Bullying? Bukanlah sebuah kata yang asing bagi masyarakat. Sering sekali kita mendengar tentang kejahatan yang satu ini. Namun terkadang kita justru tidak menyadari bahwa kita juga pernah menjadi pelaku bullying itu sendiri. Secara umum, istilah bullying adalah tindakan dimana sa orang atau lebih mencoba atau mengontrol orang lain dengan cara kekerasan. Dilansir dari viva.co.id data survei mengatakan sebanyak 84 persen anak usia 12 tahun hingga 17 tahun pernah menjadi korban bullying. Sungguh hal ini menjadi sebuah ironi, anak yang harusnya hidup dalam kesenangan justru menjadi korban dari bullying. Bullying pada anak sangat sering terjadi di dalam lingkungan pendidikan. Kurang ketatnya pengawasan terhadap siswa membuat banyak sekali pelaku bullying di dalam sekolah. Meskipun tidak ada peraturan mengenai bullying di sekolah, dalam undang – undang perlindungan anak No. 23 Tahun 2002 Pasal 54 menyatakan “Anak di dalam dan di lingkungan sekolah wajib dilindungi dari tindakan kekerasan yang dilakukan oleh guru, pengelola sekolah, atau teman – temanya di dalam sekolah yang bersangkutan, atau lembaga pendidikan lainnya”. Dengan kata lain, siswa mempunyai hak untuk mendapat pendidikan dalam lingkungan yang aman dan bebas dari rasa takut.
              Banyaknya korban tentu representasi dari banyaknya pelaku. Namun, adakah pembela untuk korban – korban tersebut? Masih adakah orang benar dan berani yang mencoba membela korban bullying?. Ya, inilah sebuah kisah ironi yang ingin saya ceritakan. Ini bukanlah cerita pribadi saya, namun merupakan sebuah fakta dan cerita yang sangat umum terjadi di dunia pendidikan. Bukan menjadi rahasia bahwa korban dan pelaku bullying adalah siswa itu sendiri. Siswa yang seharusnya memiliki etika dan moral yang baik justru menjadi seorang pelaku bullying. Di dalam satu sekolah tentunya memiliki jumlah siswa yang sangat banyak. Dengan banyaknya jumlah siswa tersebut tidak adakah yang berani dan mau membela para korban bullying? Sehancur inikah mental siswa Indonesia?. Bukanlah kesadaran siswa yang tidak ada untuk membela korban, namun mental dan keberanian yang belum dimiliki oleh siswa tersebut. Bukan karena tak ingin menolong, namun lebih kepada ketakutan yang timbul karena pembela korban bullying akan berubah menjadi korban bullying pula. Rasa takut untuk menjadi korban bullying inilah yang membuat orang – orang yang sebetulnya mempunyai niat untuk menolong korban bullying menjadi sirna. Disinilah ironi yang terjadi, bagaimana seorang yang memiliki niat menolong dikalahkan oleh rasa takut menjadi seorang korban. Inilah ironi bagaimana membela menjadi perbuatan yang tercela. Namun, saya sampaikan kepada seluruh pembaca bahwa “Diam Bukan Pilihan”. Kebenaran harus ditegakkan, keberanian harus dimunculkan.

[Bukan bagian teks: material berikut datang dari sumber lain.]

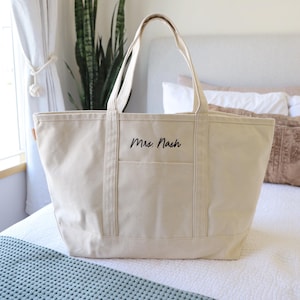 May include: A cream-colored canvas tote bag with a rectangular shape and two handles. The bag has a front pocket and the name "Mrs. Nash" is printed in black script. The bag is sitting on a bed.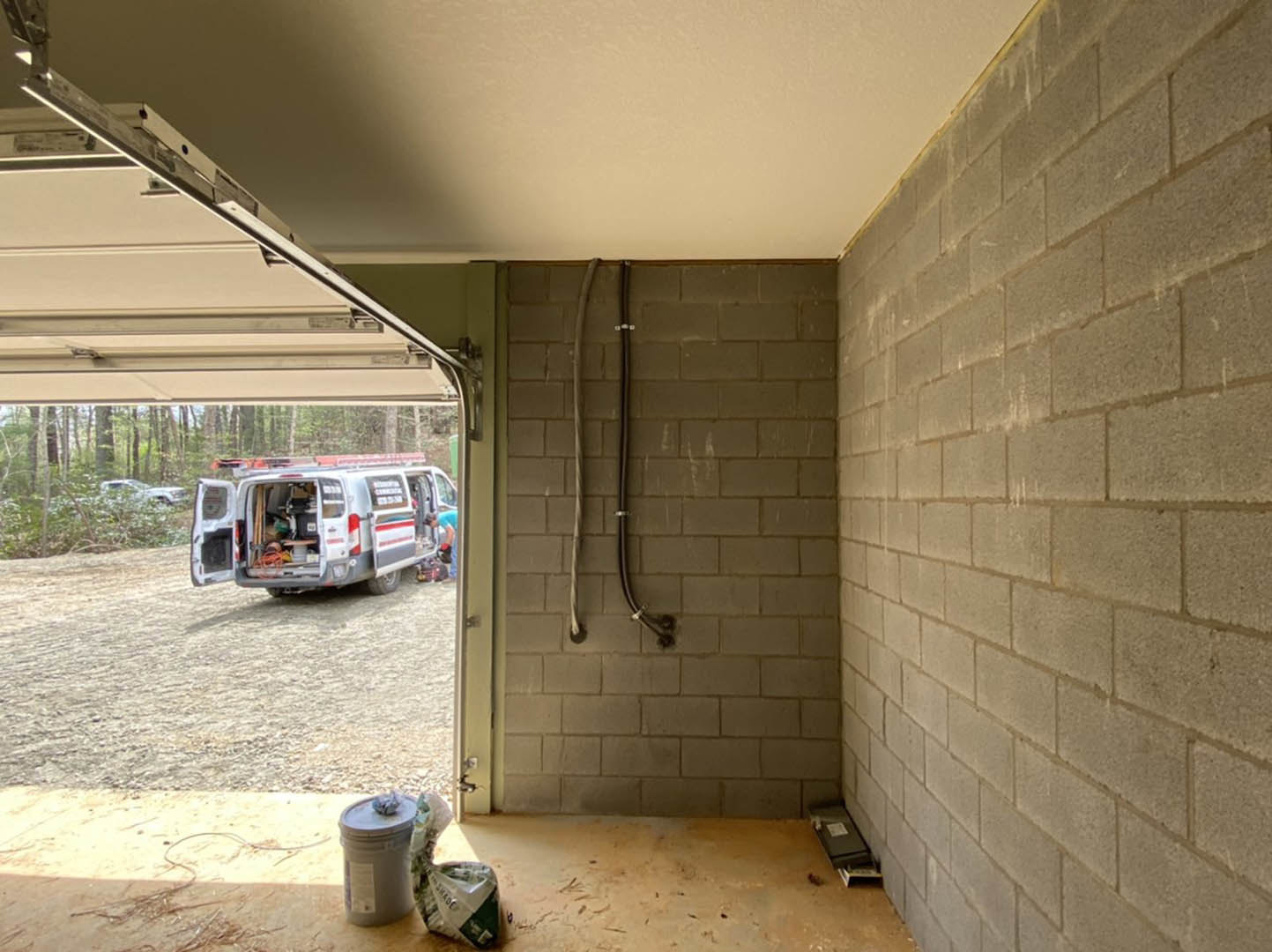 Open garage with concrete floor, white waste container, visible van parked inside, building wall and exposed ceiling structure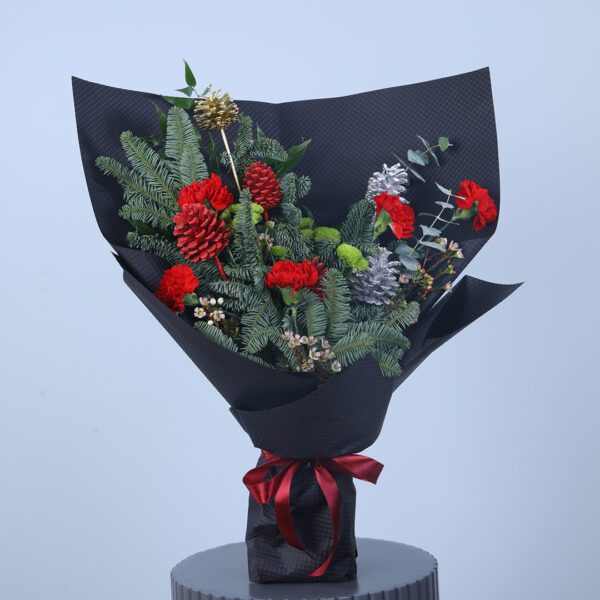 A modern Christmas bouquet with red carnations, silver accents, and lush greenery wrapped in black paper with a red ribbon.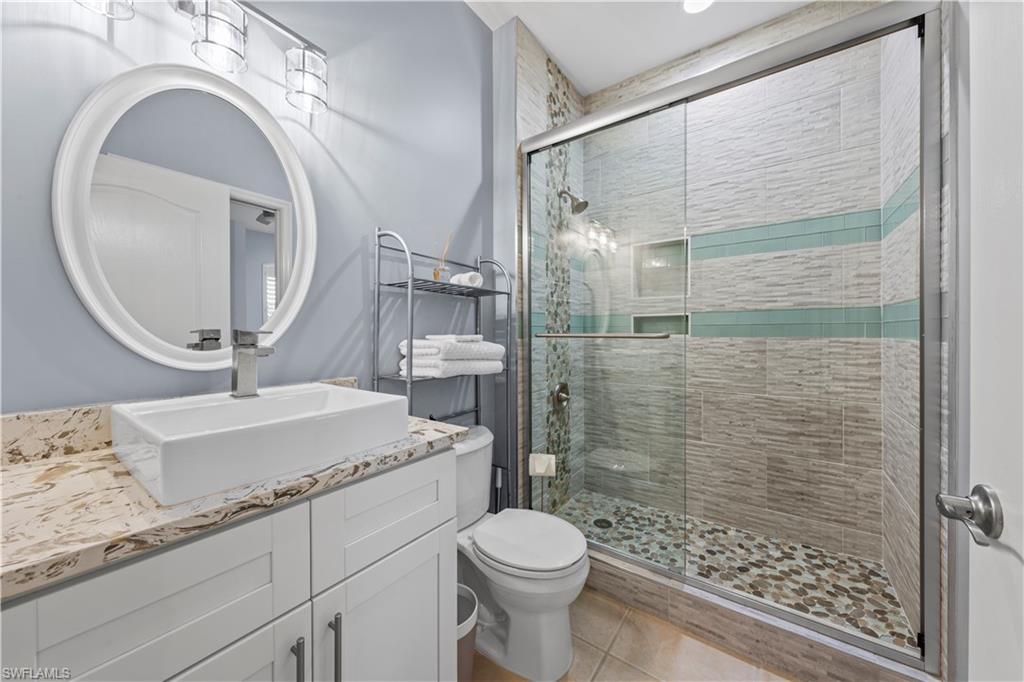 1285 Sweetwater Cove, Unit 2106 Naples, FL 34110 - Photo 20 of 38 a bathroom with a granite countertop sink mirror vanity and toilet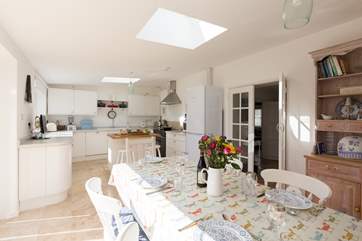 Looking along the full length of this sunny open plan space.
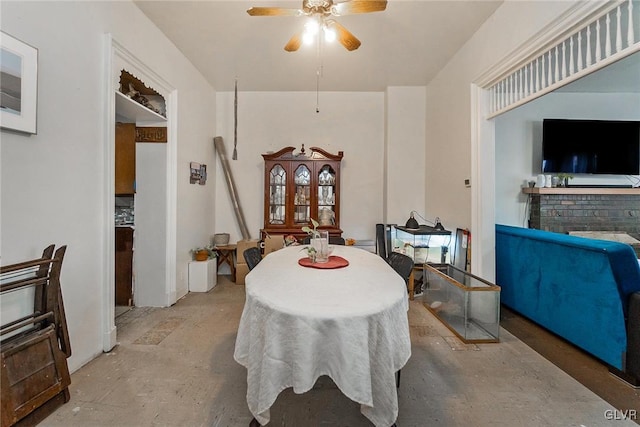 dining room with ceiling fan, a brick fireplace, and concrete flooring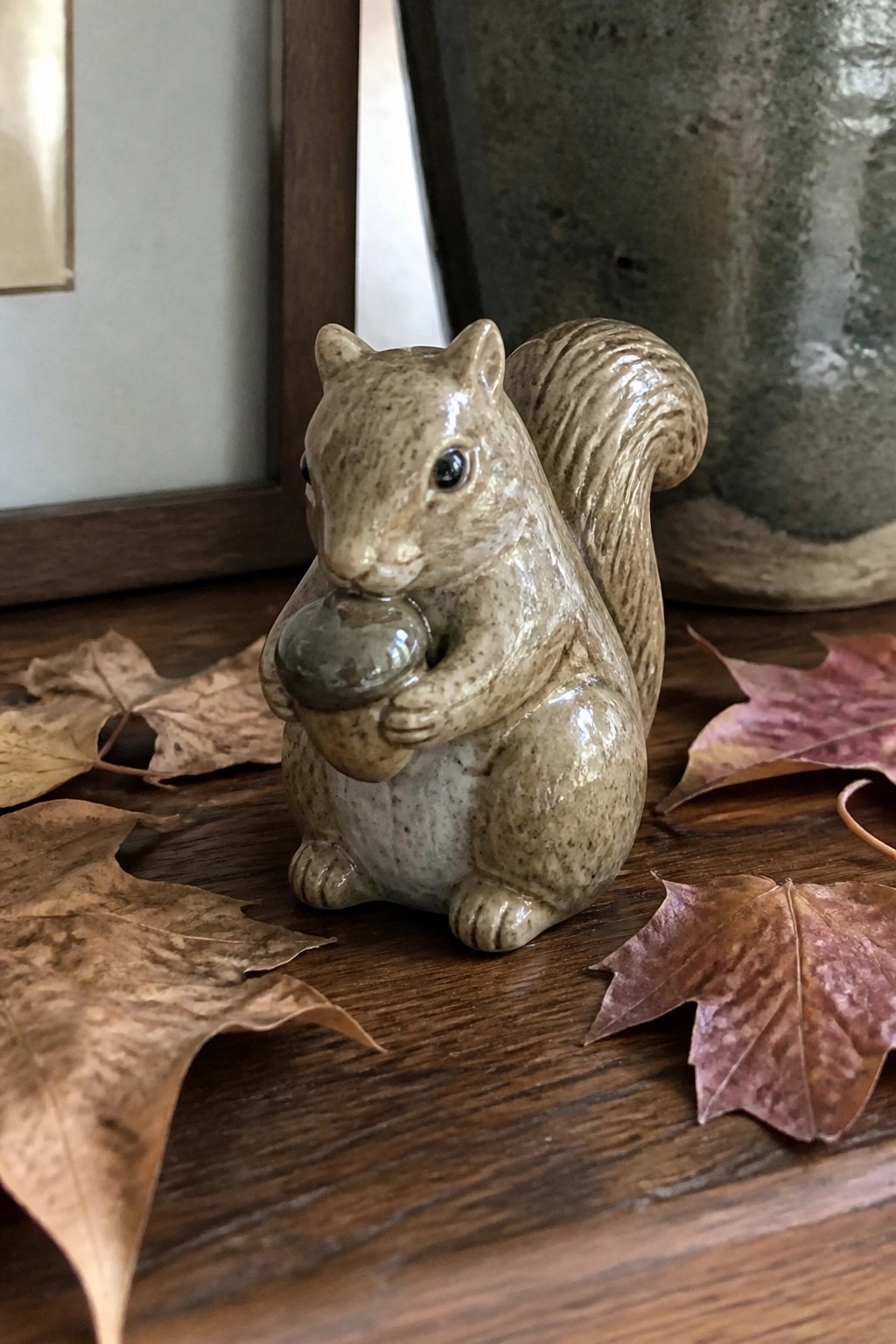 Ceramic squirrel figurine holding acorn amid dried autumn leaves on wooden table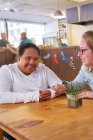 Portrait happy young woman with Down Syndrome in cafe — Stock Photo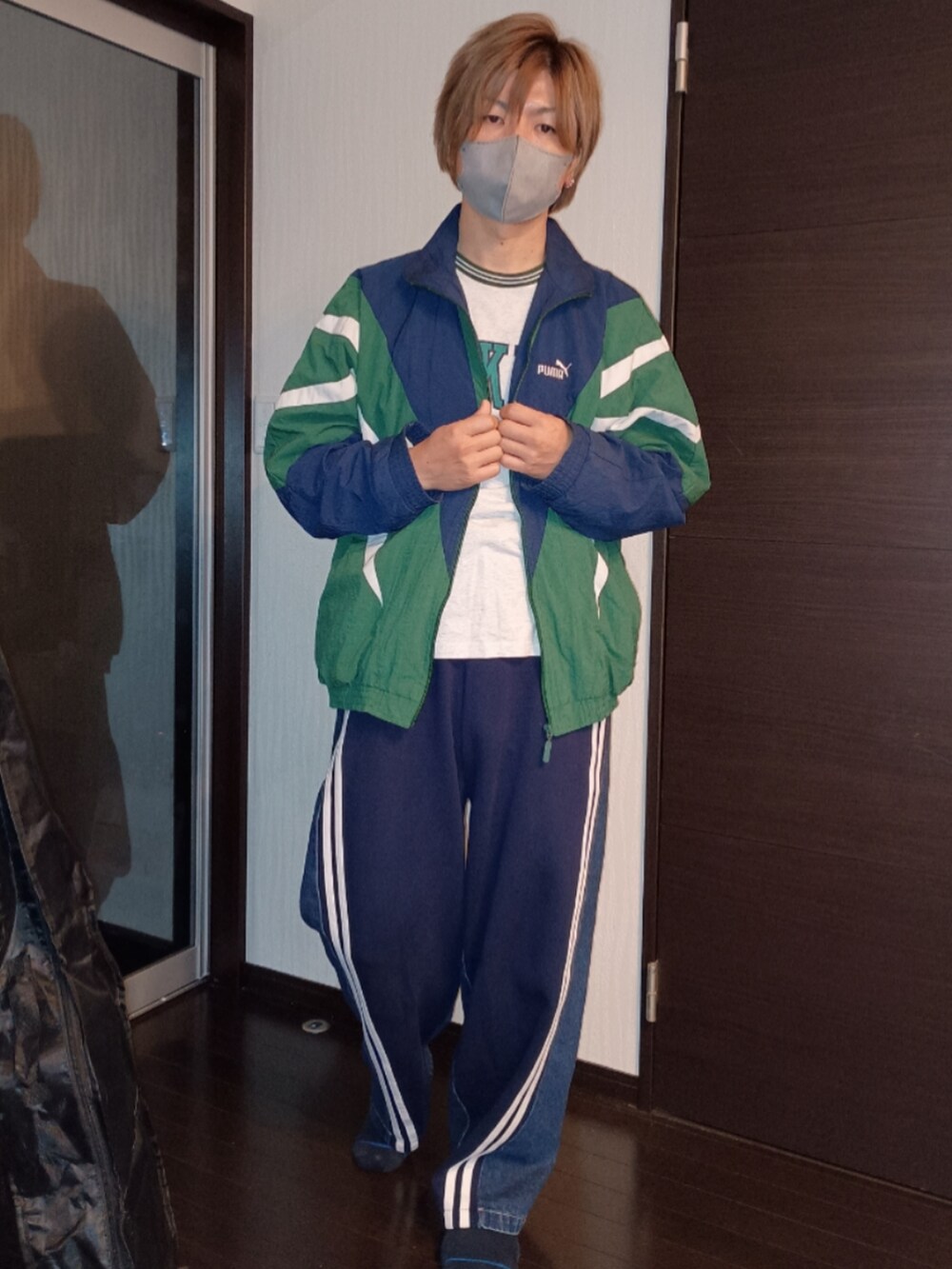 ブルー系のスウェットパンツ、グレー系のTシャツ/カットソー、グリーン系のナイロンジャケットを着用したメンズの秋コーディネートの3枚目の写真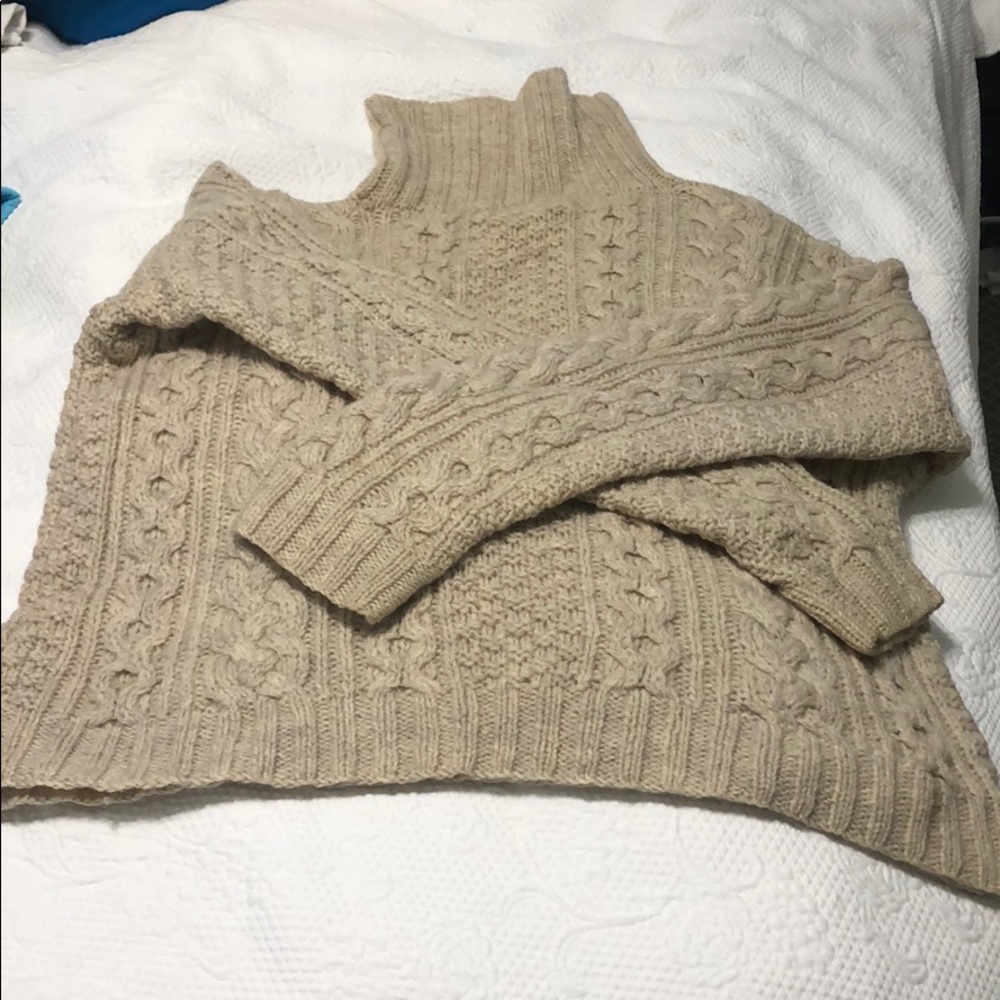 cream wool turtleneck cable-knit sweater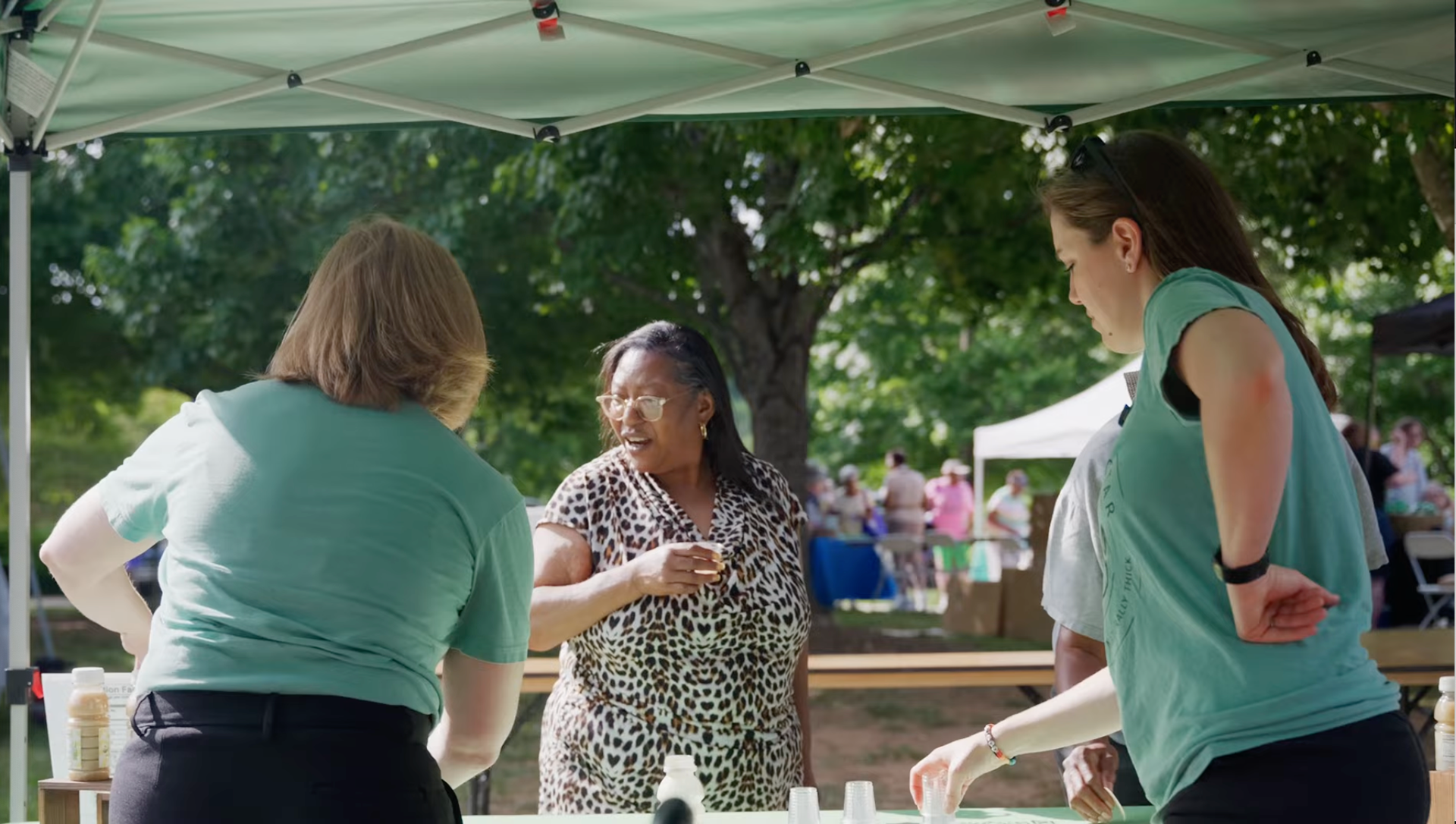 Ally Roberts of Naturally Nectar pouring a sample for a visitor at her table during the Triad Elder Abuse Awareness Walk at Triad Park.
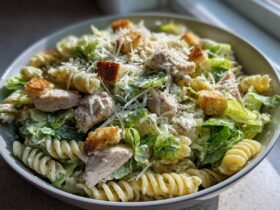A bowl filled with Chicken Caesar Pasta Salad featuring rotini pasta, grilled chicken pieces, romaine lettuce, croutons, and grated Parmesan cheese.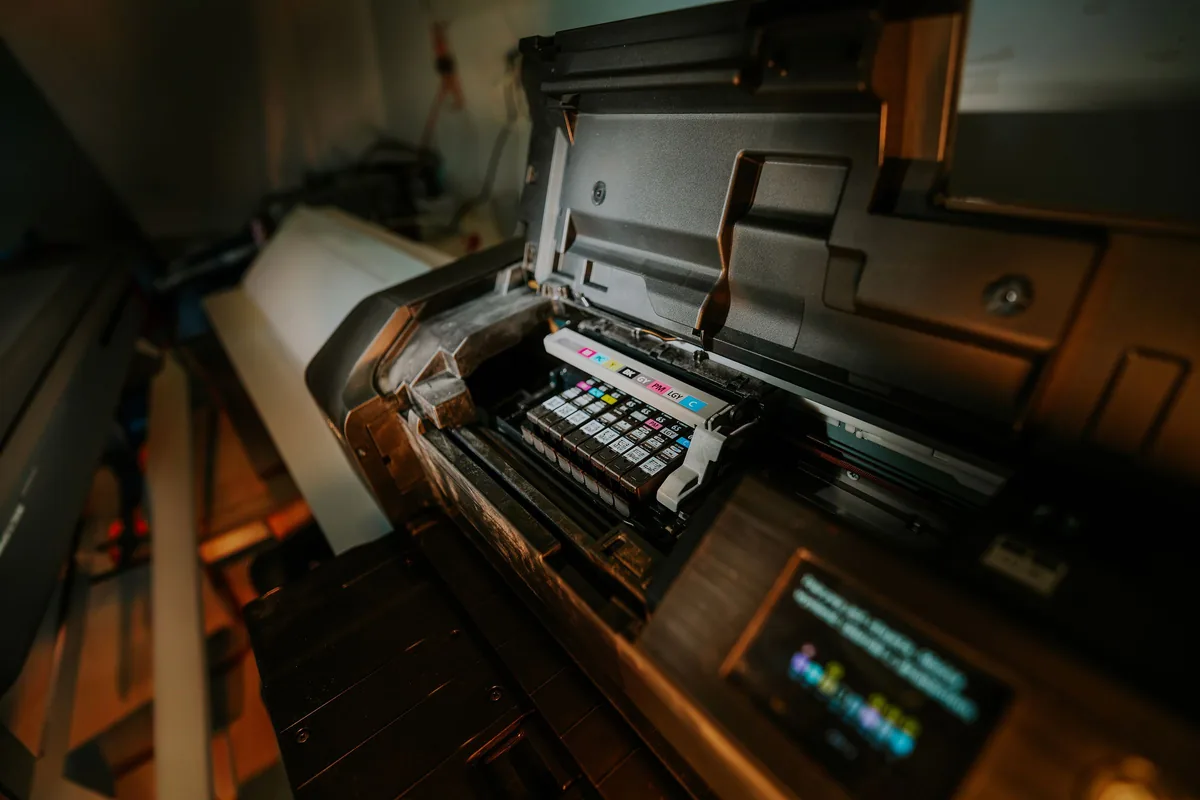 Open wide-format inkjet printer showing its carriage and ink cartridges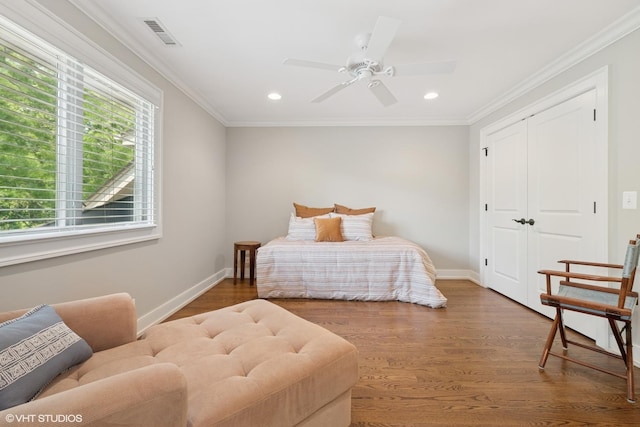 26874 N Countryside Lake Dr, Mundelein, IL 60060 - bedroom with wood finished floors, recessed lighting, baseboards, crown molding, and a closet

              Membentuk mental siswa yang berani membela kebenaran bukanlah hal yang mudah. Perlu sinergi antara orang tua, pihak sekolah, serta pemerintah untuk dapat mewujudkan mental anak yang baik. Orang tua dan Guru sebagai orang yang terdekat dengan siswa harus menjadi pelopor untuk menanamkan mental yang baik pada siswa. Menanamkan mental yang jujur, berani, tidak takut membela yang benar perlu dinanamkan sedari dini untuk menghindari siswa menjadi pelaku bullying. Selain faktor internal, tentunya diperlukan juga pelopor dari faktor internal siswa. Lembaga Perlindungan Saksi dan Korban (LPSK) sebagai lembaga mandiri yang bertanggung jawab untuk menangani pemberian perlindungan saksi dan korban perlu banyak dilibatkan dalam upaya pencegahan bullying ini. LPSK harus berperan aktif tidak hanya sewaktu sudah ada tindak kejahatan bullying saja, namun harus ikut dalam upaya pencegahan bullying. Sosialisasi harus gencar dilakukan, tidak hanya untuk menanamkan mental yang baik untuk siswa namun juga untuk menyadarkan siswa bahwa ketika menjadi pembela korban bullying mereka juga berhak mendapat perlindungan dari LPSK. Perlu kita sadari bersama bahwa dewasa ini masih banyak siswa yang kurang mengerti akan fungsi dari LPSK, sehingga masih banyak siswa yang  tidak melaporkan tindak kejahatan khususnya kasus bullying. Tidak hanya siswa seringkali masyarakat pada umumnya juga masih banyak yang kurang mengerti apa itu LPSK dan fungsi dari LPSK itu sendiri. Oleh sebab itu sosialisasi secara terus menerus perlu dilakukan. Baik di sekolah maupun di tengah masyarakat pada umumnya. Ketika mental dan keberanian siswa dapat dipupuk dengan baik, maka pelaku bullying akan takut untuk mengulangi perilakunya. Bullying tak seharusnya dibiarkan, hanya diam ketika melihat bullying merupakan suatu kesalahan. Jangan takut untuk menjadi orang benar. Takutlah ketika melakukan kesalahan.  Jika belum berani membela, LPSK akan senantiasa ada.  
#DiamBukanPilihan
#LPSKMelindungi

Titus Adhi Sukmana
3 Oktober 2017



Referensi : 

Kita Berani, Bullying Pergi. Kita Berani, Bullying Pergi. Reviewed by Unknown on October 02, 2017 Rating: 5

No comments:

Powered by Blogger.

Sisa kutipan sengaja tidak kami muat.